• PROMPT
Exact copy, pictures excluded: write out every line below.

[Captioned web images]
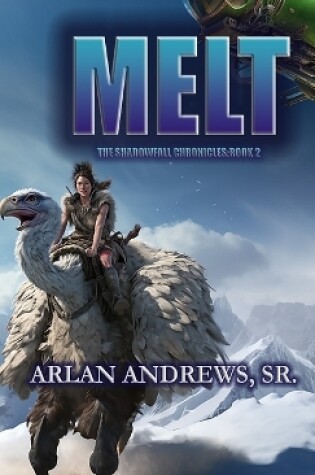 Cover of Melt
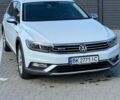 Белый Фольксваген Пассат, объемом двигателя 1.97 л и пробегом 228 тыс. км за 21800 $, фото 1 на Automoto.ua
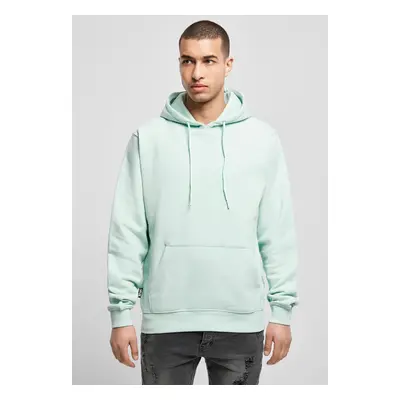 C&S Plain Hoody Bird Egg Green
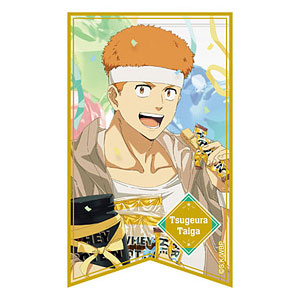 WIND BREAKER ホロステッカー 柘浦大河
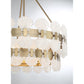 Bancroft 5-Light Chandelier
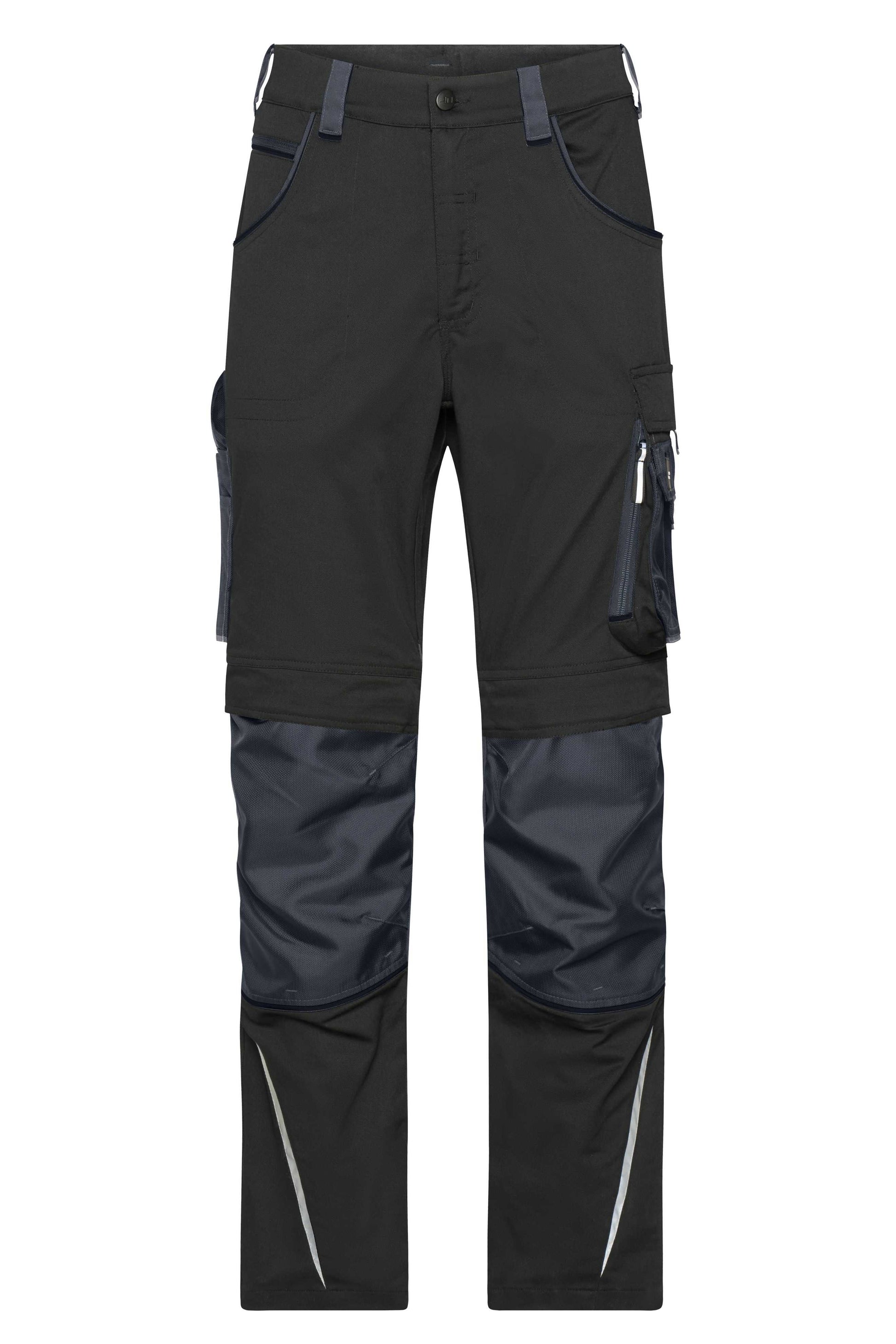 Workwear Pants Slim Line - STRONG - GRS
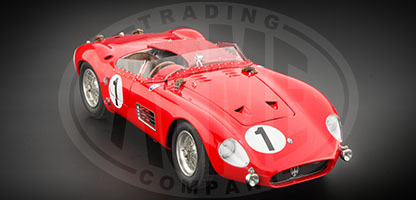 ACME Diecast: Car Collectibles ACME Diecast: Car Collectibles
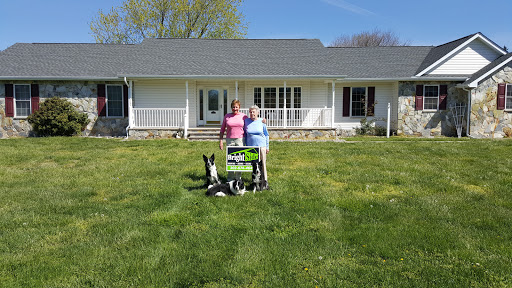 Roofing Contractor «Bright Side Roofing and Siding, Inc», reviews and photos, 1033 Fowler Ct, Dover, DE 19901, USA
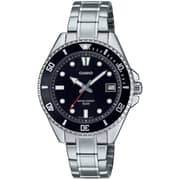 Casio MDV-10D-1A1VDF Standard Men's Watch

• TASK SOLUTION
 Cover of Melt
 Белый Фольксваген Пассат, объемом двигателя 1.97 л и пробегом 228 тыс. км за 21800 $, фото 1 на Automoto.ua
 C&S Plain Hoody Bird Egg Green
 WIND BREAKER ホロステッカー 柘浦大河
 Bancroft 5-Light Chandelier
 Workwear Pants Slim Line - STRONG - GRS
 ACME Diecast: Car Collectibles ACME Diecast: Car Collectibles
 Roofing Contractor «Bright Side Roofing and Siding, Inc», reviews and photos, 1033 Fowler Ct, Dover, DE 19901, USA
 Casio MDV-10D-1A1VDF Standard Men's Watch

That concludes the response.